Endpoints at a glance

Deployment	OTLP/gRPC (4317)	OTLP/HTTP (4318)	Server TLS	Client certificate
Kubernetes, external via shared gateway (recommended; demo runs this)	`<grpc-hostname>:50052` TLS passthrough through the shared Envoy gateway (demo: `otlp-demo.grpc.serviceradar.cloud:50052`)	`https://<http-hostname>` (port 443) terminated by the gateway with a publicly trusted certificate (demo: `https://otlp-demo.serviceradar.cloud`) — no CA download needed; this is the easiest external path	gRPC: ServiceRadar private CA (passthrough). HTTP: public certificate at the gateway	Not requested
Kubernetes, external via LoadBalancer (opt-in: `logCollector.otlp.service.type=LoadBalancer`)	`<LB-IP>:4317` via the `serviceradar-otlp` Service	Published after `logCollector.otlp.service.http.enabled=true`	Yes, cert issued by the ServiceRadar private CA	Not requested (chart config sets no client CA)
Kubernetes, in-cluster	`serviceradar-log-collector:4317`	Pod port 4318 (no Service port by default)	Yes, same CA	Not requested
Docker Compose	`localhost:4317` (published on the host)	Not published by default; add a `4318:4318` port mapping	Yes, local dev CA	Required by default (`client_auth` defaults to `required`); see the override below

OTLP/gRPC (port 4317)

Accepts gzip and zstd compressed export requests and compresses responses with gzip when the client advertises support. (OTel SDKs and the OpenTelemetry Collector negotiate gzip by default; collector builds older than this feature answer those exports with UNIMPLEMENTED.)
Maximum decoded request size: [server] max_request_bytes, default 64 MiB (67108864).
Oversized individual records do not fail the export: the response carries OTLP partial_success with rejected_spans / rejected_data_points / rejected_log_records and an error message. Watch your SDK logs for partial-success warnings.

OTLP/HTTP (port 4318)

Enabled by default ([server.http] enabled = true). Standard OTLP paths: POST /v1/traces, POST /v1/logs, POST /v1/metrics.
Request encoding: binary protobuf (Content-Type: application/x-protobuf; application/protobuf is also accepted), optionally with Content-Encoding: gzip.
OTLP/JSON is intentionally not supported. JSON requests receive HTTP 415 with the message: OTLP/JSON is not supported; send binary OTLP protobuf (Content-Type: application/x-protobuf) or use OTLP/gRPC on the gRPC port.
Serves HTTPS whenever [grpc_tls] is configured (it reuses the gRPC server certificate); plaintext otherwise. The HTTP listener never requests client certificates, regardless of the client_auth setting.
CORS for browser-based exporters: allowed_origins defaults to ["*"]. Restrict it when the listener is reachable from the public internet.
The same max_request_bytes cap applies to the (decompressed) HTTP body.

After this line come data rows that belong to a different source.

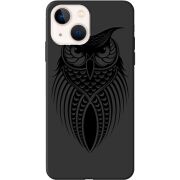 Черный чехол BoxFace Apple iPhone 13 Owl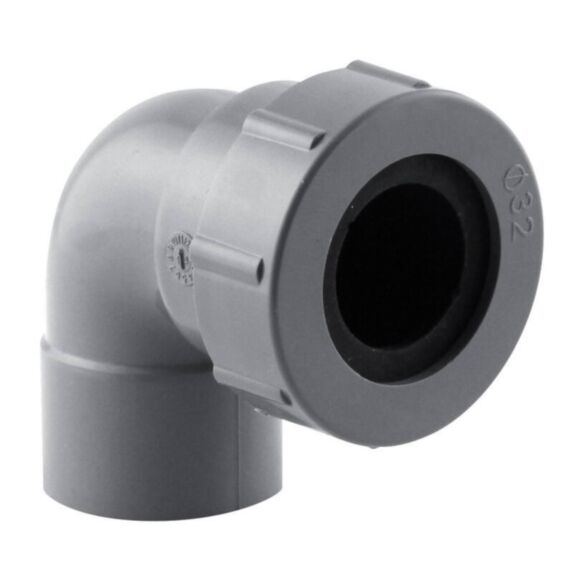 coude à joint pvc 87° ff ø 32 - INTERPLAST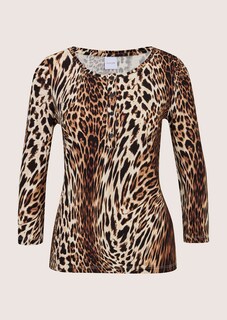 Shirt met luipaardprint en 3/4-mouwen thumbnail 7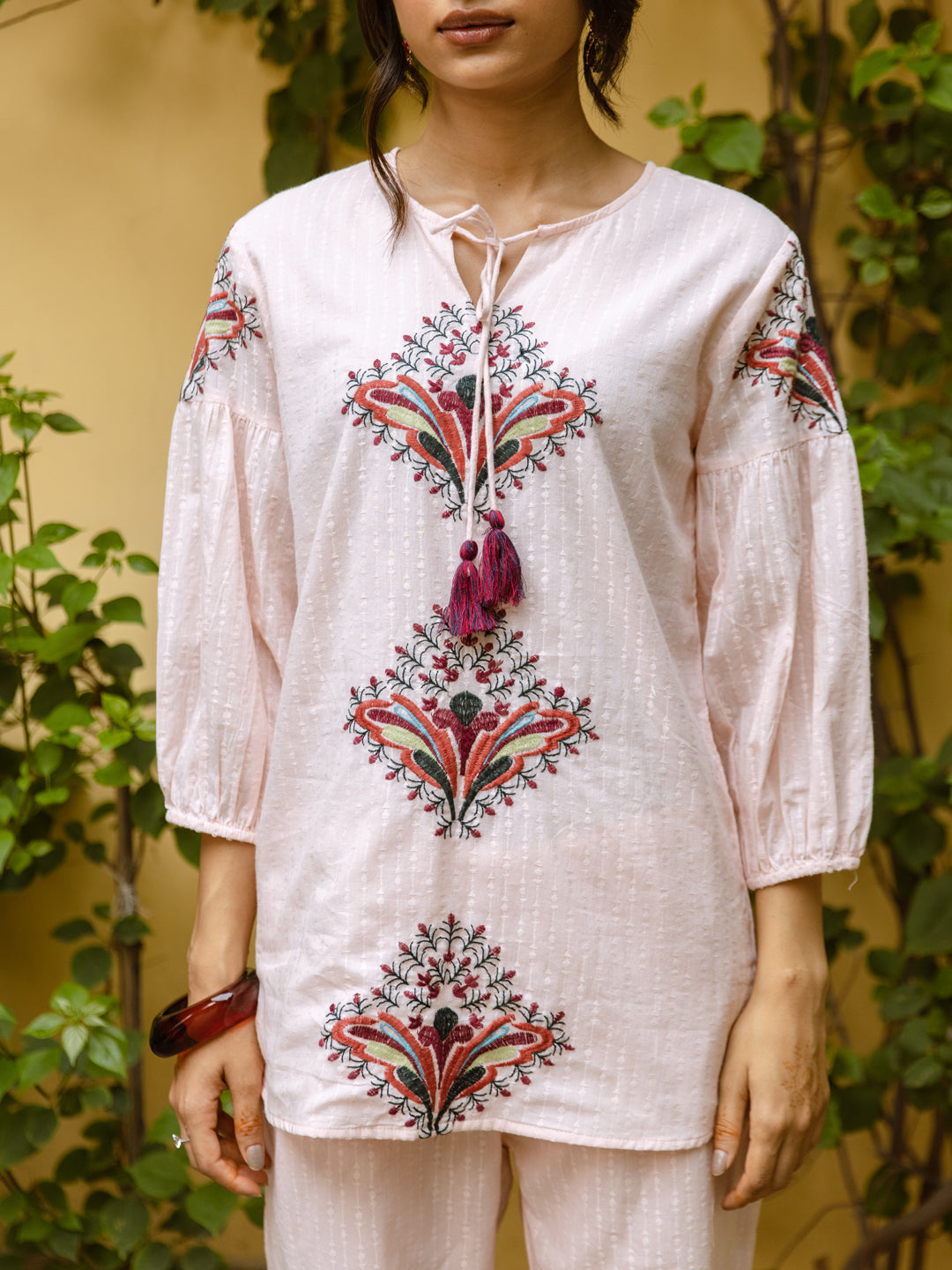 Piper Pink Embroidery Co-ord set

Collector configuration reference (`otel.toml`)

[server]
bind_address = "0.0.0.0"
port = 4317
max_request_bytes = 67108864   # 64 MiB default

[server.http]
enabled = true                 # default
bind_address = "0.0.0.0"
port = 4318
allowed_origins = ["*"]        # restrict for public exposure

[grpc_tls]
cert_file = "/etc/serviceradar/certs/log-collector.pem"
key_file = "/etc/serviceradar/certs/log-collector-key.pem"
# ca_file is only needed when you want client-certificate auth:
# ca_file = "/etc/serviceradar/certs/root.pem"
# client_auth = "required"     # required | optional | none (default: required)

TLS and authentication

The collector presents a server certificate issued by the ServiceRadar private CA. External senders must do one of:

Trust the ServiceRadar root CA bundle (recommended; see below for where to get it).
Disable certificate verification in the exporter (quick tests only).
Put the OTLP endpoint behind their own TLS termination (ingress/LB with a public certificate) and forward to the collector.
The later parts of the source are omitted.